El viernes por la mañana Belén me contó que habían asesinado la noche anterior en la esquina de la calle Amsterdam con la 123 a Davide Giri, un estudiante italiano de doctorado en Columbia. Esa esquina es la que se toma si se decide dar el rodeo para evitar el peligroso parque. Davide venía de jugar al fútbol cuando le apuñalaron sin motivo. Me pregunto si venía desde la parada de metro de la A o la C, en cuyo caso se habría hecho la misma disyuntiva que yo tantas veces: atravesar el parque o no. Sea como fuere, le habían asesinado en el sitio supuestamente menos peligroso, quizás porque sabía que el parque no era de fiar. Luego nos enteramos de que el día anterior habían apuñalado a alguien en el mismo parque, pero que no se sabía si los dos sucesos tenían relación. Además, en la 110 donde nosotros habíamos estado comiendo sushi, hubo un segundo apuñalamiento la noche del jueves a otro estudiante italiano de Columbia una hora después de que nos fuéramos de allí.  

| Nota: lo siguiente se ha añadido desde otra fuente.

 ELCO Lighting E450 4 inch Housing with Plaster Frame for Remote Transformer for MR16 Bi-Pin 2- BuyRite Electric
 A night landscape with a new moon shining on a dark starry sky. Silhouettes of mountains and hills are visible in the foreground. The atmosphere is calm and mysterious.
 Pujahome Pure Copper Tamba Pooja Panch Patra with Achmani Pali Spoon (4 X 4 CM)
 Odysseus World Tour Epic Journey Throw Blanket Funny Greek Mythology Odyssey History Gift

El sábado fuimos Belén y yo a pasear con el objetivo de tomar un bubble tea en la 109. Vimos las escaleras por las que voy cada día, y dijimos que por las noches las evitaría a partir de ahora. Luego seguimos adelante y vimos las escaleras de la 116, que tienen una imponente estatua dedicada a un americano de origen austriaco que defendió los derechos civiles en el siglo XIX. Yo no sabía que era ahí donde murió asesinada en 2019 Tessa Majors, estudiante de 18 años de Columbia apuñalada por tres chicos menores de 15 años que intentaron robarle. Hay un banco que tiene una insignia en recuerdo de Tessa, así que supongo que ahora pondrán una de Davide en la 123. Ya hay un apuñalado reciente en cada una de mis alternativas de cada mañana, así que la elección no puede ser más deprimente.

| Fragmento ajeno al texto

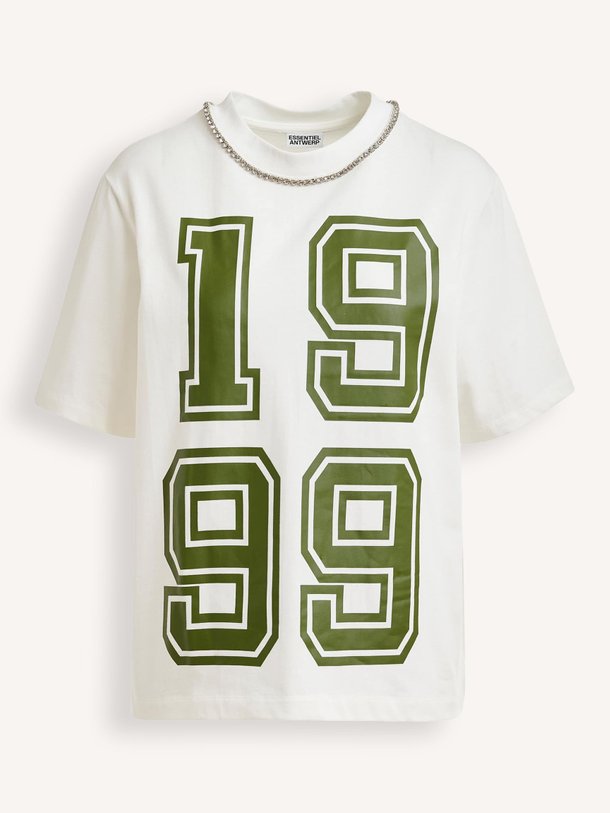 Ontdek de Jisos katoenen T-shirt met print van Essentiel Antwerp in de kleur Off-white bij Orangebag. Op werkdagen voor 21:45 besteld, morgen in huis.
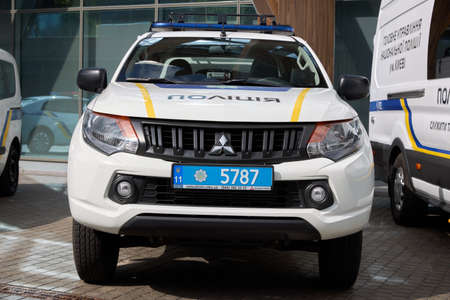 05.12.2021Ukraine. Kyiv. Exhibition of the countrys safety. Police car. High quality photoのeditorial素材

Me gustaría encontrarles algún sentido a las muertes de David o Tessa, pero creo que no lo tienen. Este tipo de sucesos son infrecuentes y no hay que dejarse llevar por el miedo, pero es triste vivir en una ciudad así. La zona de Columbia está llena de policías y muchos estudiantes viven asustados, pero el problema es mucho más estructural que la presencia o no de policías, y tiene que ver con cómo funciona Estados Unidos. Cuando he viajado por este país lo que he visto es peor. En Seattle me impresionó Pike Street, en pleno Midtown, y las masas de personas sin hogar pinchándose en las calles completamente abandonados. Por lo visto en San Francisco es todavía peor, no me lo quiero ni imaginar. Estados Unidos nos da muchas oportunidades a los que tenemos suerte, pero es deprimente vivir en un país en el que la mayoría de gente piensa que si hay una persona sin hogar es porque ha tomado malas decisiones individuales y no porque la sociedad le ha fallado.